“La Tierra
tiene forma de pera”. Así de
contundente y absurda era la tía Vita. De nada le valían las fotos satelitales,
ni la opinión de los astrónomos ni de los científicos de la NASA. Para ella, el
planeta tenía forma de pera… y ya está.
En todas las familias siempre hay una tía soltera,
pero la nuestra era única. Quizás por esa tozudez tan suya nunca se casó,
aunque pretendientes no le faltaron. A sus maneras inexplicables e ilógicas
llegaron a acostumbrarse sus sobrinos. Les hacía gracia sus comentarios llenos
de humor, sus recuerdos de otros tiempos, su voz caprina cuando cantaba algún
bolero.
La tía Vita era adicta a las compras en El Palacio
de Hierro, el mejor almacén de la ciudad. Era su madriguera favorita y ostentaba
una tarjeta de crédito que, debidamente protegida en una carterita de plástico
amarillo, sacaba con desparpajo en la adquisición de faldas y camisas de
variados estilos; aunque llegó a coleccionar más de sesenta blusas, siempre
usaba la misma: una blanca de lacito al cuello.

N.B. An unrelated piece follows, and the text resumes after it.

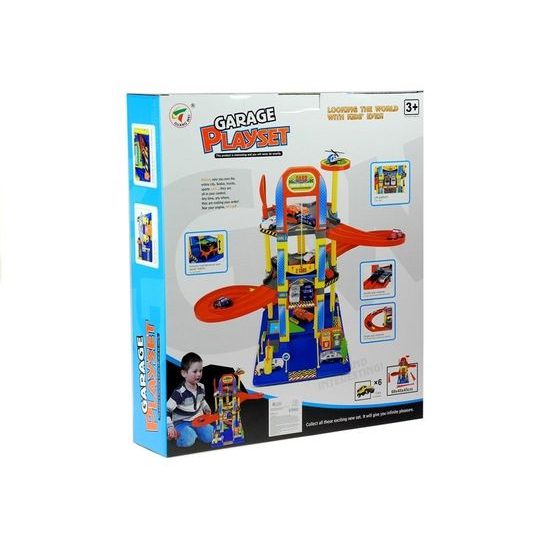 Majlo Toys parkovací garáž s výtahem + 6 autíček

Aficionada a la lectura
clandestina de la revista HOLA en el Sanborn´s del Ángel, otra de sus guaridas
preferidas, llegó a ser experta en la vida y obra de todos los miembros de las
casas reales europeas de los que contaba sus intimidades como si de una prima
cercana se tratara. Antes de relatar el último chisme de alguna princesa
monegasca, tosía con discreción, miraba de un lado a otro - como si temiera que
alguien más la oyera- y con cierto retintín reseñaba la historia. Incapaz de expresar
una grosería, prefería decir que fulanita tenía fama de “frutita”, o que
perenganito era “un ojo alegre”. Cuando un hombre abandonaba a una mujer –cosa
muy común en México- la tía Vita soltaba frases como “zutanito le hizo al
patito zambullidor”. A ella le debemos conceptos como el célebre: “entre esos
dos hablan latín, latón y lámina acanalada”, cuando de unos amantes se trataba.
Poseía como nadie el don de inventarse colores, de ahí el “gris munición” o “el
rojo enchilado”. Ningún Pantone se le resistía.
La nota roja también ejerció una extraña
fascinación en ella. Se aficionó a recopilar datos de última hora de cualquier
suceso donde hubiera muertos y heridos: desde terremotos y ataques terroristas,
hasta vulgares crímenes de pasión. ¡Ay de ti si te adelantabas a darle la mala
noticia! Te miraba con algo de reconcomio y te preguntaba, “¿quién te lo
dijo?”. De hecho, bajo su colchón, llegó a esconder decenas de ejemplares del
sensacionalista ALARMA que, cuentan las malas lenguas, leía con avidez cada
noche. Sin duda, hubiera sido una gran reportera de sucesos.